よろしくお願いします!国際協力について興味が出たのは、高校生の頃からです。先生から経済の南北格差や世界での貧富の差などについて話を伺い衝撃を受けたことを覚えています。受験生としても学ぶ目的や意味を見失っていたこともあり、南北格差などの課題について専門的に学べる国際関係学や国際協力という領域で学びたいという気持ちが強くなり、目標が定まりました。その後無事に希望する大学に進学し、国際協力を専攻します。

高校時代からずっと国際協力に興味があったのですね!その後就職などを経て、青年海外協力隊に参加をされたましたよね。
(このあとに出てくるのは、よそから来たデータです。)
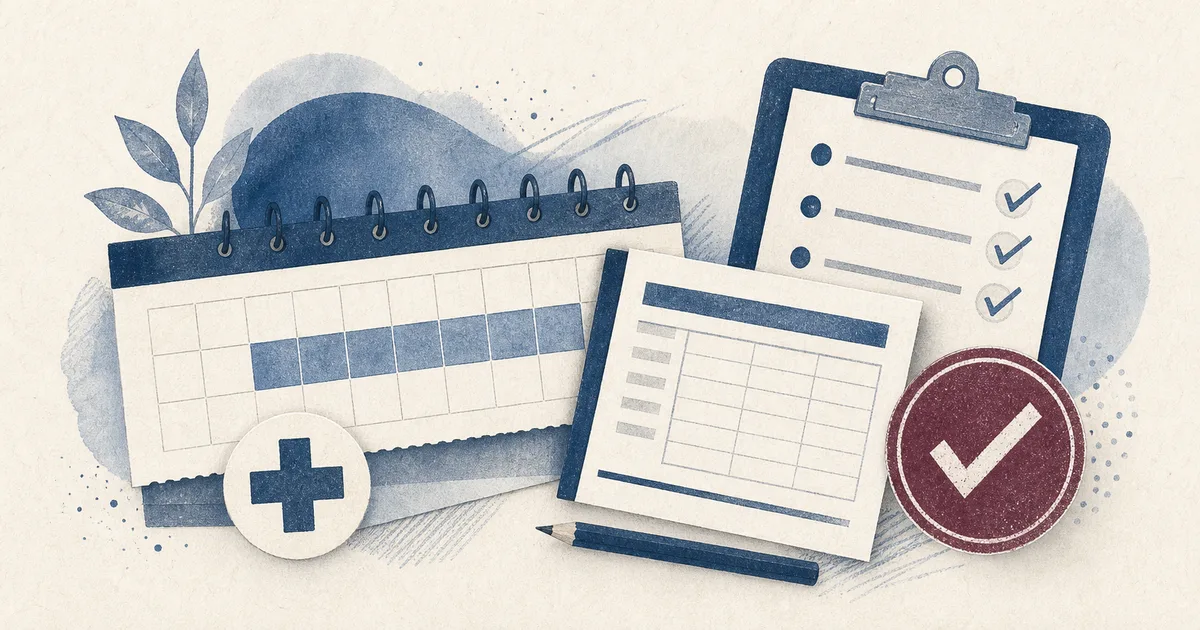 Blue editorial illustration of sick leave payroll approval in Estonia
どのような経緯だったのでしょうか?

大学に進学し、国際協力を専攻したものの、座学や本で国際協力の知識を学ぶだけでこれだけで本当に良いのだろうかと疑い始めたんですよね。そこで大学三年生の時にインターンでJICA大阪(現在は統合されJICA関西に)で働くことにしたんです。

そこでの業務はJICA関西に来ている、各国からの研修員たちのお世話をしていました。その時に初めて黒人の方や途上国の方と出会い、一緒に過ごし、話をする中で、文化の違いや、経済格差などを目の当たりにし、さらに衝撃を受けます。と同時にJICAのように、彼らを受け入れて情熱を持って働く組織があるのだと感銘を受け、JICAの素晴らしさを知りました。
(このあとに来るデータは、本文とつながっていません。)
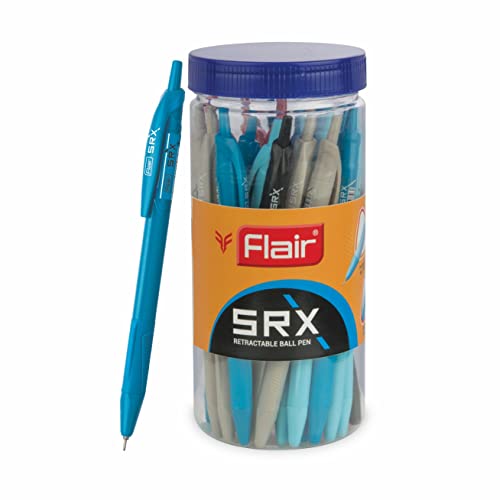 Image of FLAIR Srx Retractable Ball Pen Jar | Tip Size 0.7 mm |Triangular Grip For Better Hold | Light Weight Refillable Ball Pen | Vibrant Solid Body Colours | Blue Ink, Jar Set Of 25 Pcs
そしてその次は自分も実際に途上国に行って現地を確かめたいと思うようになります。しかし、その時JICAでお世話になっていた方から、「あなたはまだ半人前で海外で教えれることなんて何もない。まず自分で社会に出て日本の社会を一通り学ぶ必要があるよ」と言われました。

それがきっかけでまずは社会を学ぶために、家を出て一人暮らしをし、物流関係の会社に就職。5年間働いた後に青年海外協力隊に応募し2年間ネパールに派遣することになります。
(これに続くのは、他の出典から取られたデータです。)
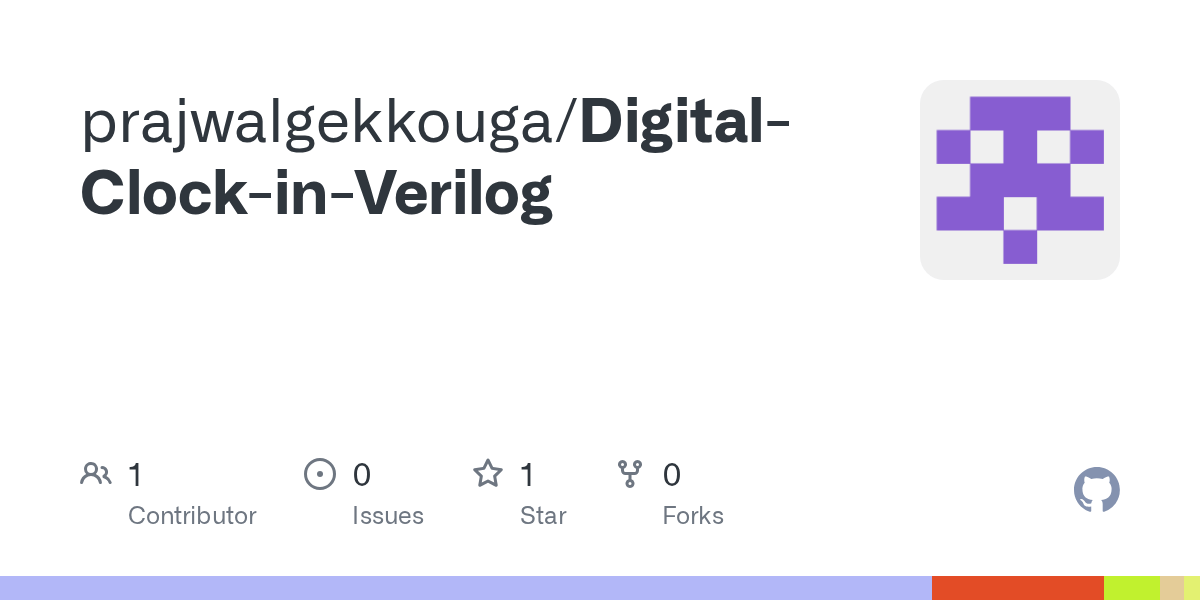 GitHub prajwalgekkouga/DigitalClockinVerilog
行動力が凄まじいですね!協力隊を経て和歌山デスクで働こうと思ったきっかけについても教えてください。

ネパールでは女性の自立支援をしていました。ネパールでは女性の仕事がとても多く、家畜の世話や家畜の餌のための草刈りや食事など、一日中仕事がありました。それは決して男性が手伝わないというわけではなく、産業がなく、地理的要因などで男性が都市に出稼ぎに行かなければならない。そのためには食べていくためには必要な膨大な家事労働を女性がしなければならなかったんです。私自身大学卒業後に入った仕事が物流業で、女性が少ない職場でジェンダー問題については感じていました。物流倉庫で男社会でしたし、新卒の女子社員なのでお茶を入れないといけないなど、今思うと私はずっとジェンダーについて戦ってきたなと思ったんです。

帰国後、結婚をし出産をきっかけに和歌山に来るのですが、長男を産んだ時に、長男である夫の嫁である私が長男を産んだことに周りの家族などがとても喜んだこと、また長男の嫁だからこそ和歌山に来たことなど、ここ日本(和歌山)でも同じくジェンダー問題があることに気づかされます。

その時にこれだけ先進国の日本でもネパールと何も変わらないことに驚愕を受けました

そこで自分がネパールで感じたことを和歌山で同じように感じたままで過ごしていいのだろうか、また大学生の時にインターンに行って感じた感銘、自分が社会人として、協力隊として感じたこと想いを伝えていかなかなければいけないのではないかと考えるようになり、JICA和歌山デスクで働くことで県民の方一人でも多くに伝えていきたいと思ったことがきっかけです。

JICA和歌山デスクで働いてみてよかったことは?

良かったことは、JICA関西初のママさん推進員(全国としてもとても少ない)として働けたことかと思います。時間的・行動的制約があったの中、母親の視点だったからこそSDGsが自分視点で思えたし、お母さん方とママさん視点で新しい推進員の形を見せることができたのではないかと思います。自分にも子どもがいたことで、同じ目線で接することができたことも大きいです。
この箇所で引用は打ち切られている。